I know my official job is to educate my kids, not to be their friends, but this is a kid (well, he’s 19, so kid is a relative term) who’s never taken school seriously before. And here he is, participating in class, turning in his homework more than 50% of the time according to his teachers, and generally being a rockstar. So if him feeling loved is helping, then whatever, I will send him heart post-it notes in the hallway that say “have a good day!” Also, I’m glad that, in some way, he felt loved/inspired in my class.
Mostly what I’m working on/swamped with right now is the fact that there’s one of me, one special ed teacher in the whole school. Unofficially, I’m the Special Ed Liaison, and I don’t know how to do that entire job while still teaching. It’s annoying because it gets in the way of me just being as good a teacher as I possibly can be.

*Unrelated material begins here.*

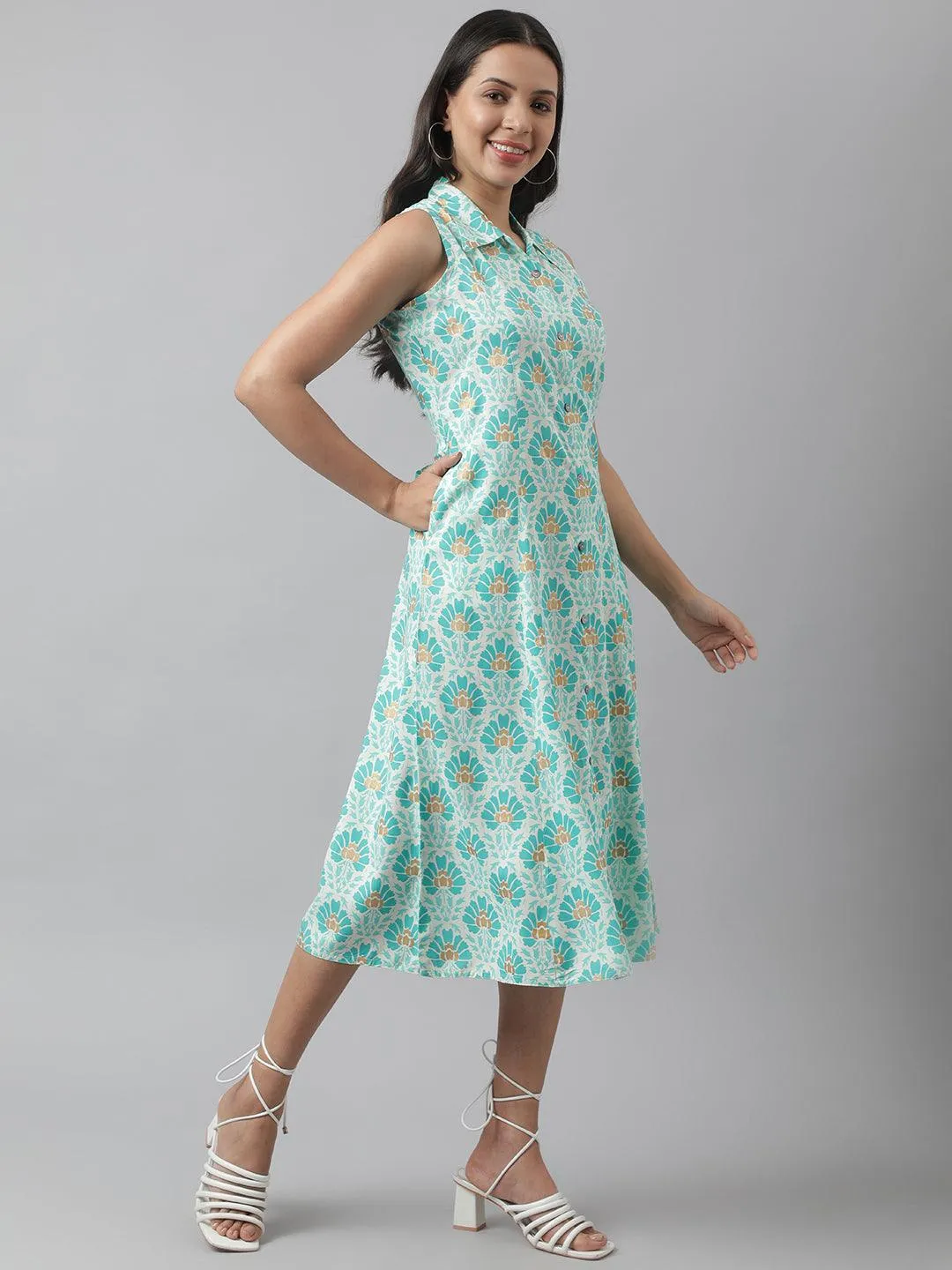 Rayon White A-Line Floral Printed Midi Dress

I’m getting a lot better at writing good lesson plans, and at knowing what ways to introduce material so that students will remember it and get into it.
But the PAPERWORK. The figuring out which students “need” resource rooms as opposed to others? (They could ALL use the extra help), the re-scheduling students so they get those special ed “minutes” that their IEPs require, the re-writing of those IEPs so they reflect the restrictive environment of our school, the progress monitoring of students I never see because I don’t teach them, and these things called “PLPs” our school has started with us (personalized learning plans; basically non-legal IEPs) that add another mound of paperwork.
I think this week I need to remember the mentality that this is my job, not my entire life. Yes, it’s more than a job because I care about my kids, but it’s not what I come home to. And when I make it into that, it makes me a worse teacher because I’m tired, cranky, and resentful.
Finding a balance, that’s what’s important. Doing what I need to do for me, and doing what I need to do for my kids. If this is something that I want to do for more than just two years (and I think that it is), I need to figure out how to do that.
So, on that note, I’m going to have the best week that I can, and I hope all of you do too
lots of love,
Miss SBT
James
January 25, 2010
Big sis, you rock!
ZDugan
January 27, 2010
This might seem like strange advice but my aunt recently reminded me that my grandpa used to say “don’t work too hard, just steady.” And I guess it just goes along with when you’re saying it’s your job, not your life. No matter how much you love it, be sure to do the little things that make your life special to you.
sbteaches
February 3, 2010
I like your grandpa’s saying. Thanks ZDugs!